TO DO:
For the records below, print the lines from the line with "Stephen A Smith" through the line with "Plötzlich Prinzessin: Taylor" exactly as written; include both end lines and exclude the rest.

Segment Start: TASK INPUT

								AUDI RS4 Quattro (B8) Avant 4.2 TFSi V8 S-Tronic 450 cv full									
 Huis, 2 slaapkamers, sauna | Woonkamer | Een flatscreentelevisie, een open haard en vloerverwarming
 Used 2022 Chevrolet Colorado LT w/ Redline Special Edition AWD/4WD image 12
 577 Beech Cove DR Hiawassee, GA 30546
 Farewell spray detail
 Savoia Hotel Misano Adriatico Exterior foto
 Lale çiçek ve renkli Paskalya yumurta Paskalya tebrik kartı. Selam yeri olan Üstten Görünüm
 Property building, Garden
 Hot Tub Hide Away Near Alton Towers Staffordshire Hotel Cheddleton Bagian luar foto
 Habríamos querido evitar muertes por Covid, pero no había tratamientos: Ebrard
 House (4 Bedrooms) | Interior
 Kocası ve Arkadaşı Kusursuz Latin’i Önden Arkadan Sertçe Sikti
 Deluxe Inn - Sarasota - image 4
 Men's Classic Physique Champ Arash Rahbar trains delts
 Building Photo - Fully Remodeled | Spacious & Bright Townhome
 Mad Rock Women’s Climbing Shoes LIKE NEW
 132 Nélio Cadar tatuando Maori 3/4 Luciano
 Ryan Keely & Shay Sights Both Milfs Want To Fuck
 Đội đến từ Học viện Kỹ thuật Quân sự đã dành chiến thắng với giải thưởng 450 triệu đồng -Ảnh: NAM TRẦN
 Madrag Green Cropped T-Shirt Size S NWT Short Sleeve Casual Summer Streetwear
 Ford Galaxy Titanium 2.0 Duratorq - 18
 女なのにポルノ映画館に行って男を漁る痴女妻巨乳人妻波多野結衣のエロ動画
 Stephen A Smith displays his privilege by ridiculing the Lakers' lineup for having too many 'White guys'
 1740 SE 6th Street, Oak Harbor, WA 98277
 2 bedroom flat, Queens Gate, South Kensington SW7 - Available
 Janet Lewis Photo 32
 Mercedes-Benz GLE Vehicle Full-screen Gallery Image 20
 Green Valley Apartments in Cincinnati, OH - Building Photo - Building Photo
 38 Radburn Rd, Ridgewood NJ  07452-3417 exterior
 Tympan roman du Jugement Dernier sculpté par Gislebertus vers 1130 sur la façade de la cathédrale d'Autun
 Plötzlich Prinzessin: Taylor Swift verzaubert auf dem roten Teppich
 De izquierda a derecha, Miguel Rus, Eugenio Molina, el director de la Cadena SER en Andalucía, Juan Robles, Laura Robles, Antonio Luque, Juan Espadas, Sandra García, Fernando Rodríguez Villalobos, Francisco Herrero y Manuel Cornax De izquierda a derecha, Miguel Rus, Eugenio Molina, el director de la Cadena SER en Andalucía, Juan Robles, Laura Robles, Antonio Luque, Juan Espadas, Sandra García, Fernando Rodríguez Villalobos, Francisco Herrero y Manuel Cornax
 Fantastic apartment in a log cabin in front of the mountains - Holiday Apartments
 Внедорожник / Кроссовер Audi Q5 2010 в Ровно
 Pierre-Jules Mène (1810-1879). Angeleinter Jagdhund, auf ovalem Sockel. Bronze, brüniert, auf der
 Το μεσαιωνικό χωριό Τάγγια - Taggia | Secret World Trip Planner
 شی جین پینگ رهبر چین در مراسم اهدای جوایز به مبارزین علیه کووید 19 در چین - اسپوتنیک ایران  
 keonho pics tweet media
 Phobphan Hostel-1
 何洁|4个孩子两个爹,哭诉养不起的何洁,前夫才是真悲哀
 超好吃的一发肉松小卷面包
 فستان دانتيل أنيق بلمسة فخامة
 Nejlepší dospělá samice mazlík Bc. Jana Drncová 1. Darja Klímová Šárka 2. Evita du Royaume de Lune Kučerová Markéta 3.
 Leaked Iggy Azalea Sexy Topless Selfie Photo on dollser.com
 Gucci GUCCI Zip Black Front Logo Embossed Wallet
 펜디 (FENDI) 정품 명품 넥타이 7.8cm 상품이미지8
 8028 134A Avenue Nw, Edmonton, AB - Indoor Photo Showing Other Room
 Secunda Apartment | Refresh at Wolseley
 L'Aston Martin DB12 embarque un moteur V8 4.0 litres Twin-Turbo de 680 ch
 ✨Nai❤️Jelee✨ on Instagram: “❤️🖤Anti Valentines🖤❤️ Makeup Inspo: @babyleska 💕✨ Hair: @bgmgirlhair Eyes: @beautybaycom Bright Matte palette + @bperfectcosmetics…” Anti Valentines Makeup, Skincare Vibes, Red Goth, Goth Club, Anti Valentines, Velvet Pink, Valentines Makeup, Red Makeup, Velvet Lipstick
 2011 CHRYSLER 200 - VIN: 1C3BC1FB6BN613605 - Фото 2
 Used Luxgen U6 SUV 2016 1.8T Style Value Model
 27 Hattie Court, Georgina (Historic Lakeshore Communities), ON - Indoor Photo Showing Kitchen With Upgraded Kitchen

Segment End: TASK INPUT

YOUR RESPONSE:
 Stephen A Smith displays his privilege by ridiculing the Lakers' lineup for having too many 'White guys'
 1740 SE 6th Street, Oak Harbor, WA 98277
 2 bedroom flat, Queens Gate, South Kensington SW7 - Available
 Janet Lewis Photo 32
 Mercedes-Benz GLE Vehicle Full-screen Gallery Image 20
 Green Valley Apartments in Cincinnati, OH - Building Photo - Building Photo
 38 Radburn Rd, Ridgewood NJ  07452-3417 exterior
 Tympan roman du Jugement Dernier sculpté par Gislebertus vers 1130 sur la façade de la cathédrale d'Autun
 Plötzlich Prinzessin: Taylor Swift verzaubert auf dem roten Teppich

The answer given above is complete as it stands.